I giornali tedeschi hanno quindi avuto gioco facile a indicare, concordemente con l’opinione pubblica, il partito dell’ex vice – cancelliere, nonché principale antagonista di Angela Merkel, Frank – Walter Steinmeier come il grande perdente delle recenti votazioni federali.
I primi due effetti di questa sconfitta sono state le dimissioni dello stesso Steinmeier, proprio come accadde con De Martino nel luglio del 1976, e, di conseguenza, l’apertura di un congresso quanto mai cruciale per la SPD. Gli argomenti da affrontare non erano pochi: i cinque anni di grande coalizione con la CDU, la gestione verticista del partito da parte della troika composta dall’ex vice Merkel, dal Presidente del partito Franz Müntefering e dall’ex ministro delle finanze Peer Steinbrück, e inoltre anche la richiesta di un profondo ricambio generazionale da parte di una base che, con i suoi 537.995 aderenti, continua a essere la più grande di Germania, sempre molto attiva e battagliera.
Ne è prova proprio il percorso che ha portato al radicale cambiamento avvenuto nelle assise nazionali di Dresda lo scorso 13 novembre.
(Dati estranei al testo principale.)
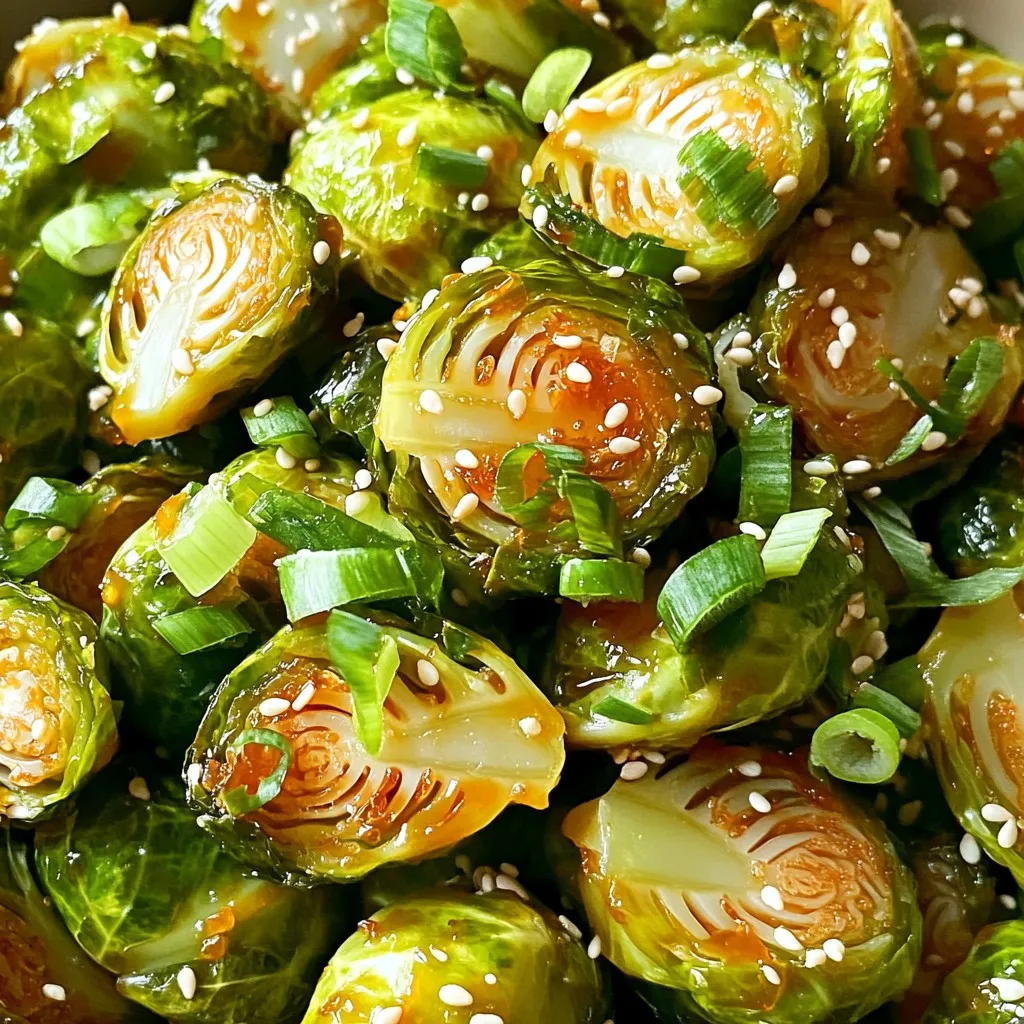For this recipe, you need one pound of Brussels sprouts. These tiny cabbages have a rich flavor. Trim the ends and cut them in half. This helps them cook evenly and get crispy. You will mix a few simple ingredients to create the sweet and spicy sauce: - 2 tablespoons extra virgin olive oil - 2 tablespoons pure honey - 1 tablespoon Sriracha sauce (adjust for your spice level) - 1 teaspoon garlic powder - ½ teaspoon fine sea salt - ¼ teaspoon freshly ground black pepper These combine to give the Brussels sprouts a yummy flavor. The honey adds sweetness, while Sriracha brings the heat. Garlic powder adds depth, and salt and pepper enhance all the tastes. To make your dish even better, consider adding: - 1 tablespoon sesame seeds (for a crunchy touch) - Fresh cilantro sprigs or thinly sliced green onions (for color and freshness) These garnishes not only look good but also add more flavor. You can choose one or both, depending on what you like. First, set your air fryer to 375°F (190°C). Preheating helps the Brussels sprouts cook evenly. It takes about 5 minutes to heat up. While it warms, you can prepare the sprouts. Take 1 pound of Brussels sprouts and trim them. Cut each sprout in half. In a large bowl, mix the sprouts with 2 tablespoons of olive oil. Add 2 tablespoons of honey and 1 tablespoon of Sriracha sauce. You can adjust the Sriracha amount if you prefer less heat. Then, sprinkle in 1 teaspoon of garlic powder, ½ teaspoon of salt, and ¼ teaspoon of black pepper. Toss everything well. Make sure every piece is coated. Place the seasoned sprouts in the air fryer basket. Lay them in a single layer for the best results. Avoid crowding the basket. You may need to cook in batches. Air fry the sprouts for about 12-15 minutes. Shake the basket halfway through. This helps them brown nicely and stay crisp outside while soft inside. Once they are done, transfer the sprouts to a platter. Sprinkle 1 tablespoon of sesame seeds on top for crunch. You can also add fresh cilantro or sliced green onions for extra flavor and color. Serve them warm, and enjoy your sweet and spicy treat! To get the best crispiness, start with dry Brussels sprouts. Water can make them soggy. Trim and halve them well. Toss them with olive oil, honey, and Sriracha. Make sure every piece is coated evenly. This helps them crisp up nicely in the air fryer. Cook them at 375°F (190°C) for 12-15 minutes. Shake the basket halfway through for even browning. You can change the spice level to suit your taste. Use less Sriracha if you prefer mild flavors. Start with one teaspoon and taste as you go. You can always add more heat later. Mix in some chili flakes for extra spice, or keep it sweet with more honey. It’s all about finding your perfect balance. Don’t overcrowd the air fryer basket. Lay the Brussels sprouts in a single layer. This allows hot air to circulate around each piece. If you have a lot, cook them in batches. It takes a bit longer, but your sprouts will cook more evenly. Shake the basket gently halfway through to help with this process. Enjoy the great crunch and flavor! {{image_4}} You can mix in other veggies with your Brussels sprouts. Carrots, bell peppers, or broccoli work great. Just cut them to a similar size to the sprouts. This way, they cook evenly in the air fryer. Toss them in the same sauce to keep the flavors consistent. You can also try using seasonal vegetables for a fresh twist. If you want to change the sweetness, try different sweeteners. Maple syrup or agave nectar are good options. Each sweetener brings its own flavor. You might also use brown sugar for a deeper taste. Just remember to adjust the amount based on how sweet you like your dish. You can switch up the spice by using other sauces. Try chili garlic sauce for a different heat. If you enjoy a smoky flavor, BBQ sauce could be fun. A dash of hot sauce can also add a kick. Experiment to find your favorite combination. Each option can change the entire feel of your dish. To keep your leftover Brussels sprouts fresh, place them in an airtight container. Store them in the fridge for up to three days. The sprouts will stay tasty and ready for your next meal. If you let them sit out, they will lose their crunch and flavor. When you want to enjoy your leftovers, reheating is key. For the best results, use the air fryer. Set it to 350°F (175°C) and heat the sprouts for about 5-7 minutes. This method helps them regain their crispiness. You can also use a microwave, but they may not be as crunchy. If you want to save some for later, freezing is a great choice. First, let the Brussels sprouts cool completely. Then, place them in a freezer-safe bag or container. Make sure to remove as much air as possible. They will stay good for up to three months. When ready to eat, thaw them in the fridge overnight and reheat as mentioned above. Yes, you can use frozen Brussels sprouts. They will cook well in the air fryer. However, you may need to adjust the cooking time. Frozen sprouts often need a few extra minutes to become tender and crispy. Remember to thaw them first for the best results. To make it less spicy, simply reduce the amount of Sriracha sauce. You can start with half a tablespoon. If you want more sweetness, add a bit more honey. Mixing in some soy sauce can also help balance the heat. These Brussels sprouts pair well with many dishes. You can serve them with grilled chicken or fish for a complete meal. They also make a great side for rice or quinoa dishes. For a fun twist, add them to tacos or Buddha bowls. Yes, Brussels sprouts are very healthy! They are low in calories and high in fiber. They also provide vitamins C and K, which are great for your body. Eating Brussels sprouts can support your immune system and promote good digestion. In this blog post, we covered how to make Honey Sriracha Brussels sprouts. We discussed the key ingredients, from fresh sprouts to sauces. You learned the step-by-step instructions for cooking them and tips for perfect results. We explored fun variations to keep things exciting and shared storage info for leftovers. Brussels sprouts can be tasty and healthy. With the right methods, they can brighten up any meal. Enjoy making them your own!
Infatti l’elezione alla guida della socialdemocrazia tedesca del cinquantenne ex ministro dell’Ambiente, nonché ex Presidente della Bassa Sassonia, Sigmar Gabriel è arrivata all’interno di una strategia, fortemente voluta, come già preannunciato, dai tesserati di base, nell’intenzione di riportare a sinistra il baricentro della SPD, obiettivo già per’altro indicato, in occasione di una conferenza stampa pre – congressuale, dalla neo – segretaria generale del partito Anna Nahles, giunta addirittura a sconfessare la politica moderata dell’ex leader Gerhard Schröder. Ciò che più balza all’occhio, anche dei commentatori meno esperti, è il notevole ricambio generazionale avvenuto tra le fila socialdemocratiche: un vero e proprio salto in avanti che, soprattutto se paragonato all’asfittica panorama politico italiano, sembrava impensabile fino a qualche settimana fa, quando le previsioni erano ancora tutte per una nuova Große Koalition.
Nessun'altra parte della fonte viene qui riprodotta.